Work to be completed: Nothing but the text of the records belongs in your answer: repeat all of it exactly and leave out the images.

════════════════════

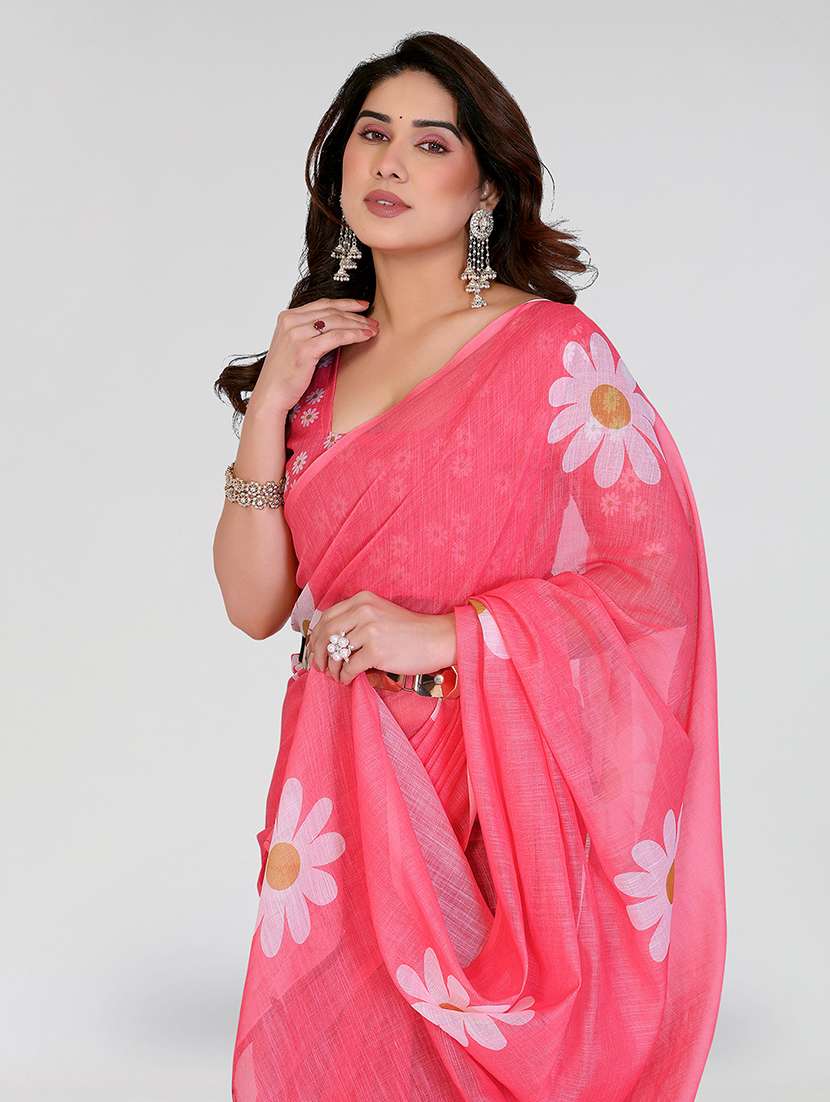 women printed casual wear saree with blouse - 22384685 -  Standard Image - 1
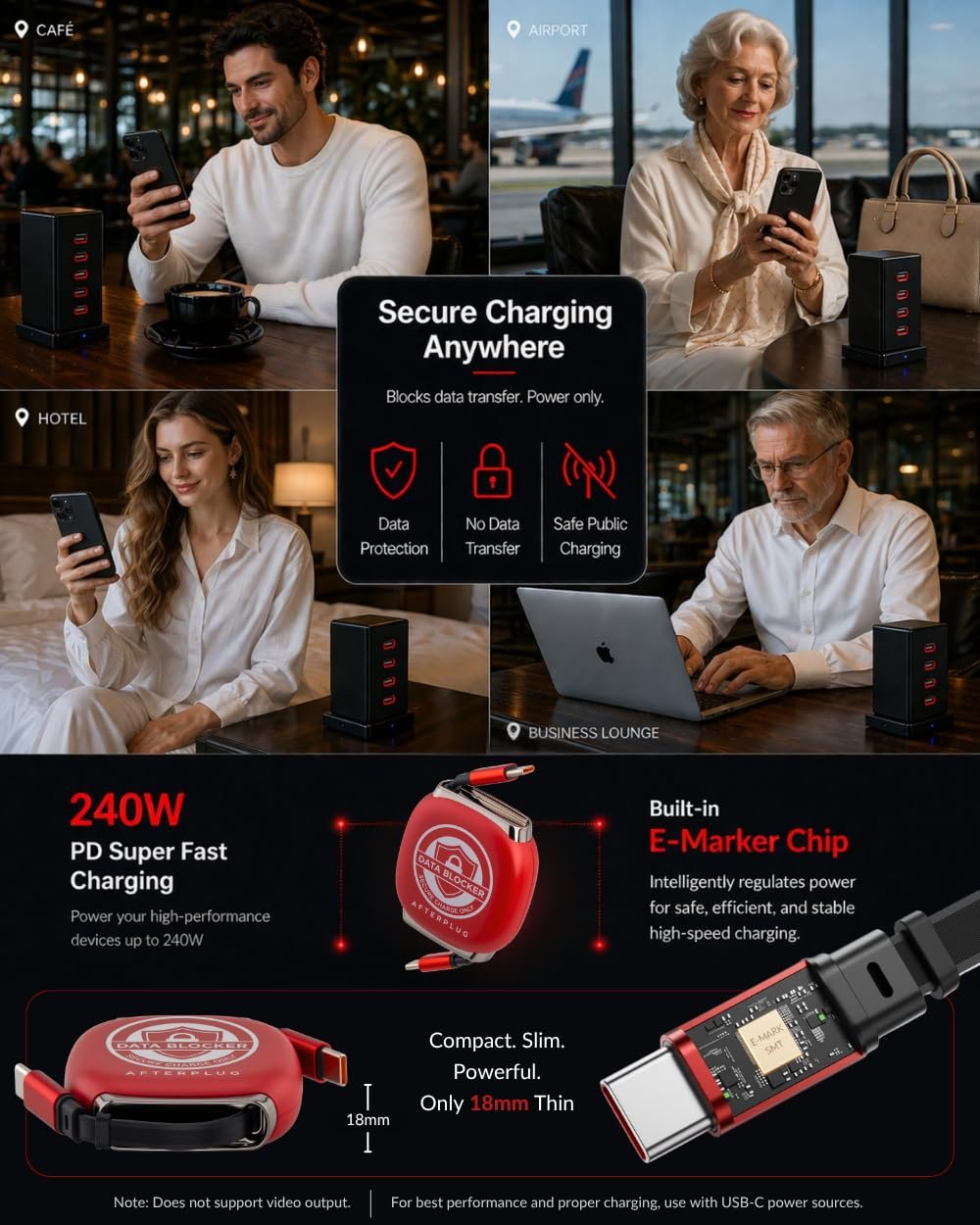 Retractable USB-C Data Blocker Cable - Image 4
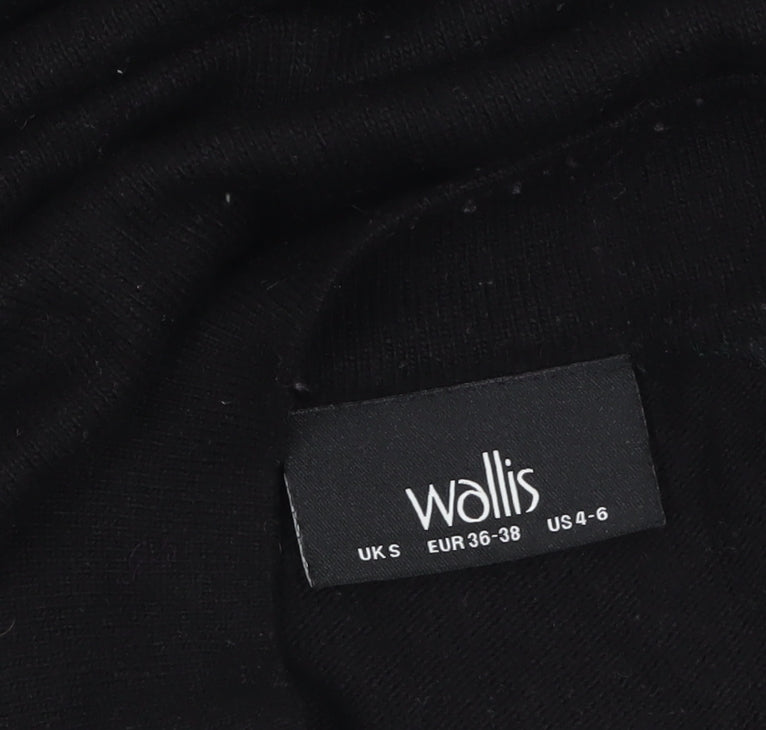 Wallis Women’s Black Mock Neck Lace Shoulder Knit Jumper Size S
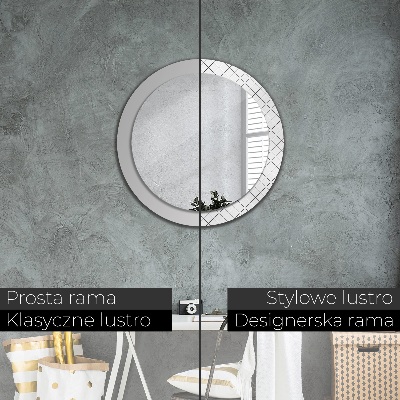 Round decorative wall mirror Crossed lines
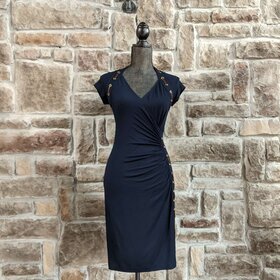 Carmens Navy Dress With Faux Leather Detailing, Size S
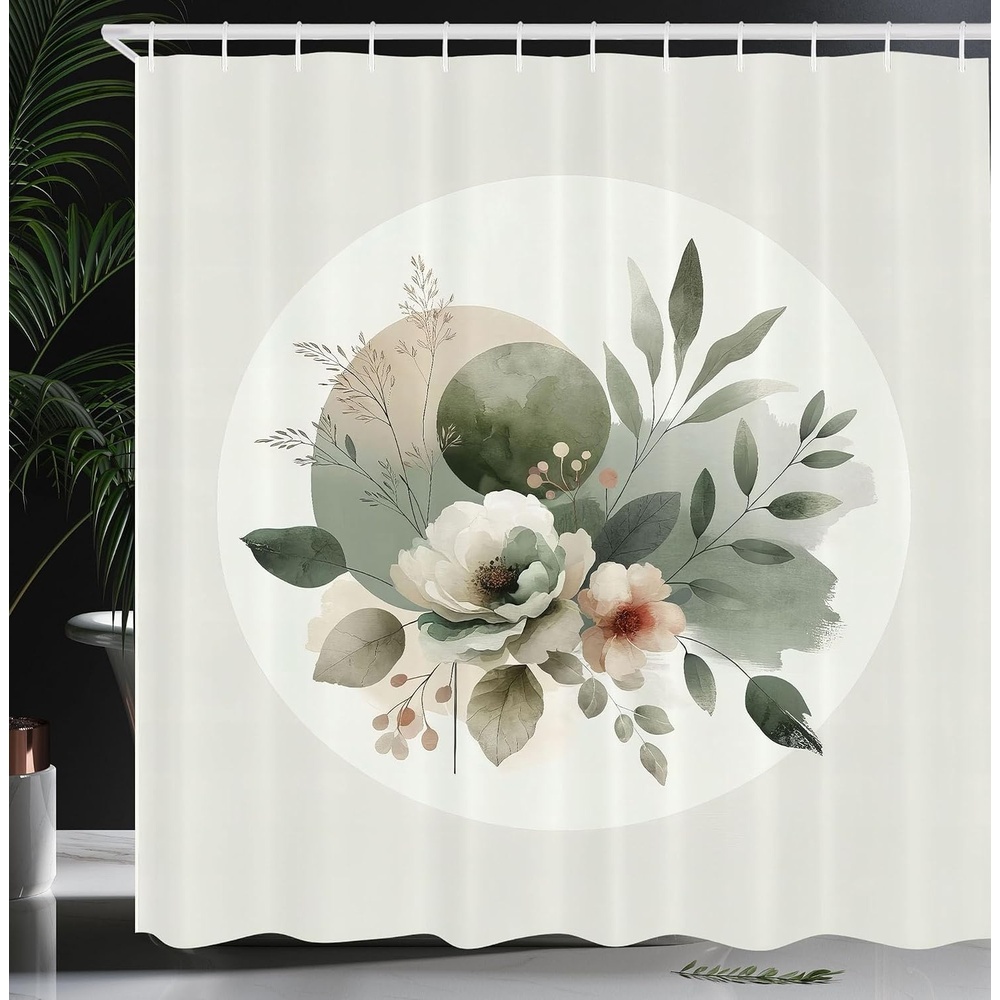 image:imageAmbesonne Nautical Shower Curtain Retro Sailing Adventure Rustic Wooden Marine Cottage Anchor Whale Waves Cloth Fabric Bathroom Decor Set with Hooks 69 W x 70 L Brown and Slate BluePale Sage Green Coconut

════════════════════

Output of the exercise:
 women printed casual wear saree with blouse - 22384685 -  Standard Image - 1
 Retractable USB-C Data Blocker Cable - Image 4
 Wallis Women’s Black Mock Neck Lace Shoulder Knit Jumper Size S
 Round decorative wall mirror Crossed lines
 Carmens Navy Dress With Faux Leather Detailing, Size S
 image:imageAmbesonne Nautical Shower Curtain Retro Sailing Adventure Rustic Wooden Marine Cottage Anchor Whale Waves Cloth Fabric Bathroom Decor Set with Hooks 69 W x 70 L Brown and Slate BluePale Sage Green Coconut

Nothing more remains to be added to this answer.